非恋愛・非婚・非出産・非セックス…文在寅政権下で先鋭化した韓国の急進的フェミニズム「4B」が全米で急拡散のワケ
文在寅政権下に男女対立激化
冒頭で述べたように、4B運動の発祥地は韓国だ。2016年5月にソウル江南で発生したいわゆる「江南駅殺人事件」がこの運動拡散の引き金を引いた。精神病を患っていた30代の男性が江南駅近くの公衆トイレで見ず知らずの女子大生を殺害した事件だが、犯人は「普段から女性に無視されてきたため、犯行を犯した」と自白した。 この事件に対して多くの社会学者と女性活動家が「女性嫌悪犯罪」と規定し、女性の間では「韓国社会に深刻な女性嫌悪文化が存在する」という批判が提起された。このような主張が力を得て、インターネット上だけで存在していた急進的なフェミニズムが現実社会でも噴出し、すべての男性を「潜在的な犯罪者」と見て、男性とのいかなる関係を拒否するという4B運動のような極端な運動が社会の注目を集めた。 2017年に発足した進歩派の文在寅政権はこのような潮流を素早くキャッチし、「フェミニスト政権」であることを自任した。ちょうどこの時に爆発した世界的な「#MeToo」運動が韓国へ渡り、政治、文化界をはじめとする社会各界を揺さぶる中、韓国におけるフェミニズム運動は爆発的に成長していった。 だが、このような潮流に適応できない一部の男性の間では、その反作用で「アンチフェミニズム」の情緒が強化された。文政権の時に行われた世論調査では、20代~30代の若い男性たちの7割以上がフェミニズムに対して拒否感を持っているという結果が出た。彼らは、フェミニストたちが男性を悪魔化していると主張し、フェミニストたちの主張に同調する文在寅政権が男性を逆に差別していると信じ込んでいた。 進歩派の文在寅政権と対立する保守政治家たちは、若い男性たちのフェミニズムに対する敵愾心を選挙に利用して、十分な効果を得た。「国民の力」党出身の李俊錫(イ・ジュンソク)改革新党議員は、自らを「フェミニズムのアンチテーゼ」と宣伝し、若い男性から圧倒的な支持を得ている。

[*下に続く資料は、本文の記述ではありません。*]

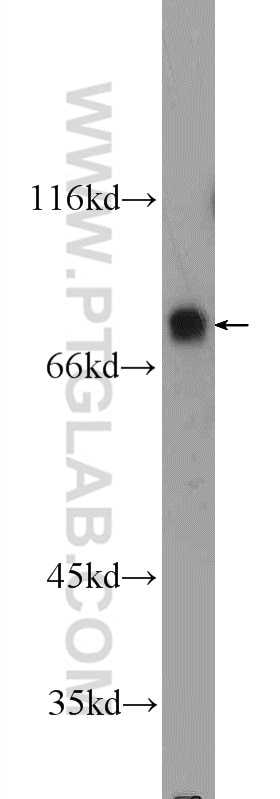 Western Blot (WB) analysis of Jurkat cells using SP2 Polyclonal antibody (25000-1-AP)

尹錫悦(ユン・ソンヨル)大統領は2022年3月の大統領選挙直前、「女性家族部(女性関連支援政策を総括する部署)廃止」を公約に掲げ、若い男性たちから組織票を得て大統領に当選するのに大きく助けられた。 韓国のジェンダー対立は政治家たちによって日増しに深刻化され、現在は世界で最も極端なジェンダー格差国家という不名誉を抱くようになった。英『フィナンシャルタイムズ』の「グローバルジェンダー格差が広がっている」(「Global Gender Divide is Emerging」、2024/01/26)という分析記事によると、20代男性の保守化が極端に現れている韓国は、若い男女間の理念的格差問題が世界で最も極端な状況に置かれているという。 米国も今回の大統領選挙を通じて若い男女の理念間の格差がメディアにクローズアップされたことで、4Bのような極端な運動が「K-フェミニズム」として頻繁に紹介されるようになったと思われる。 ただ、4Bのような急進的な「K-フェミニズム」が、K-POPやK-FOODのように世界的な共感を得られることは難しいだろう。